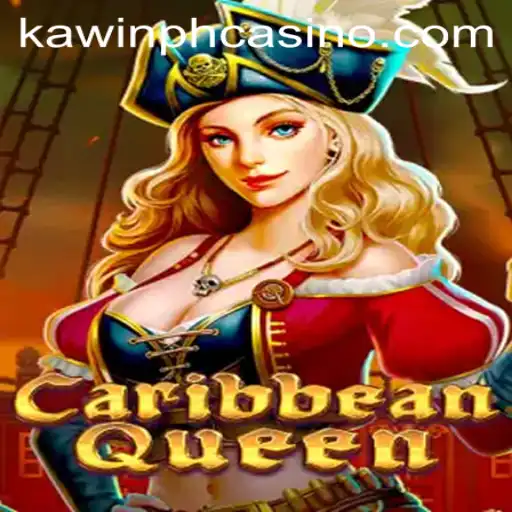 Explore the Thrilling World of CaribbeanQueen: A Game for Modern Adventurers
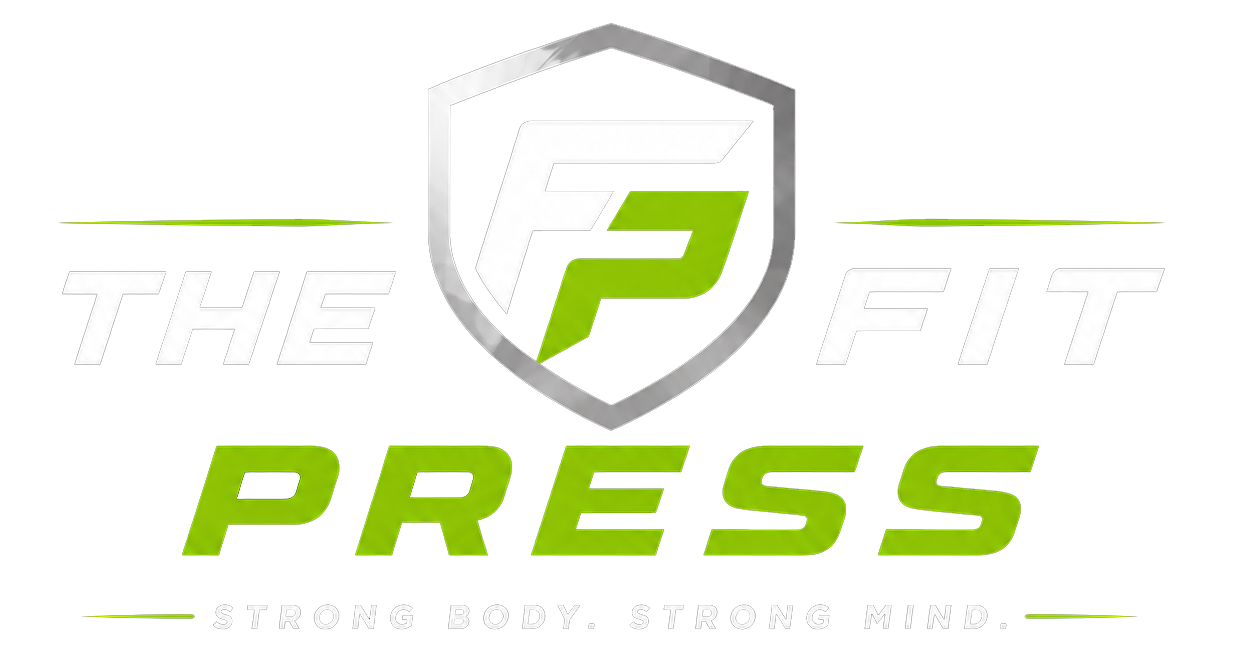 Logo Light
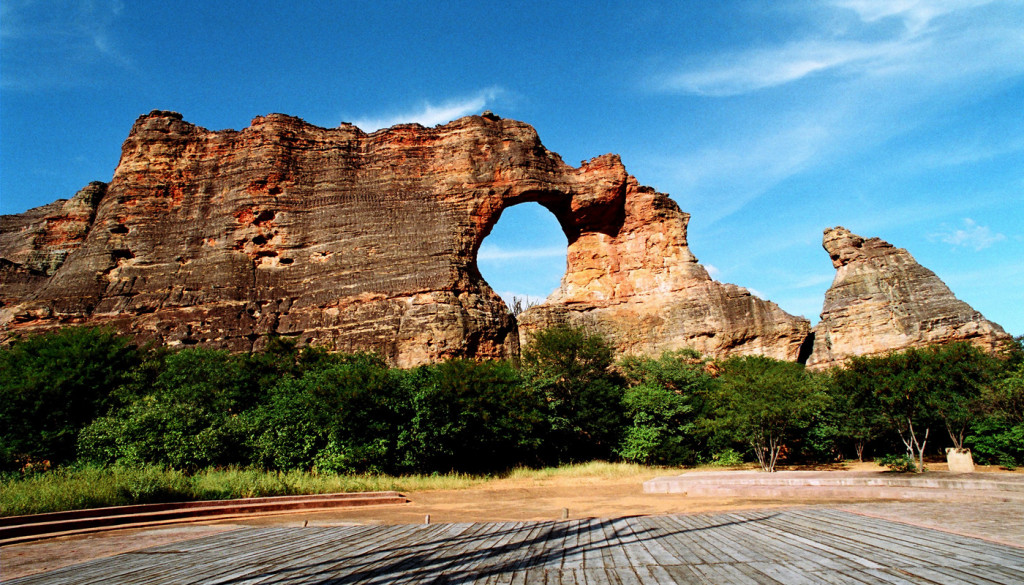 serra-da-capivara-pedra-furada-piaui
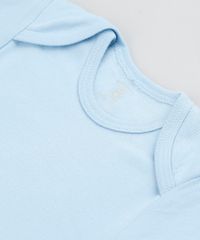 Body-Infantil-Basico-Manga-Curta-Decote-Redondo-Azul-Claro-9205111-Azul_Claro_4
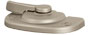 Replacement Window Hardware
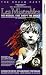 Les Miserables [UK IMPORT]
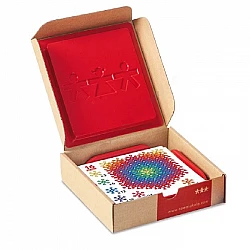 Learning Cards for Constructor NS4002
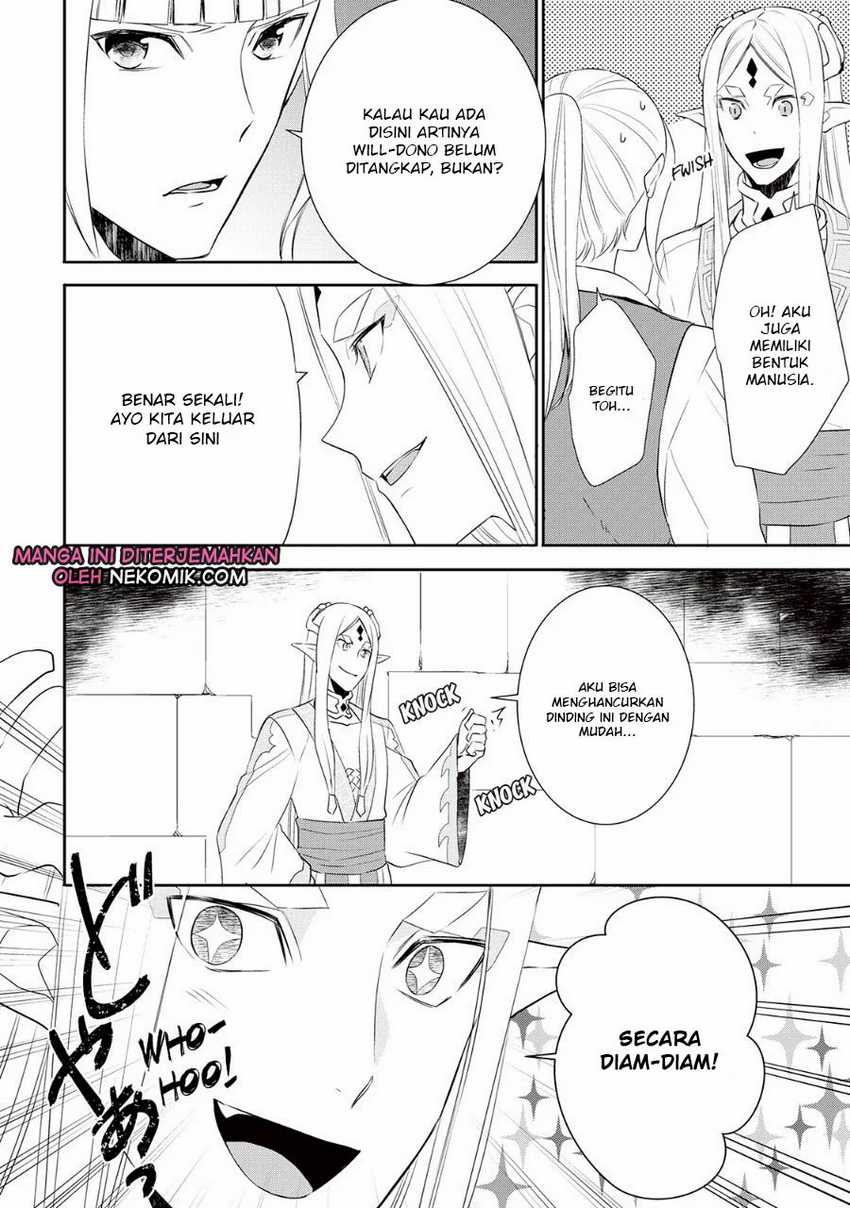 Chapter 28 - halaman 18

################

▸ **How to complete this task**
Retype the line containing "serra-da-capivara-pedra-furada-piaui" and each line after it through the last line of the entries above, exactly, with no pictures and nothing else.

▸ **Answer to the problem**
 serra-da-capivara-pedra-furada-piaui
 Body-Infantil-Basico-Manga-Curta-Decote-Redondo-Azul-Claro-9205111-Azul_Claro_4
 Replacement Window Hardware
 Les Miserables [UK IMPORT]
 Learning Cards for Constructor NS4002
 Chapter 28 - halaman 18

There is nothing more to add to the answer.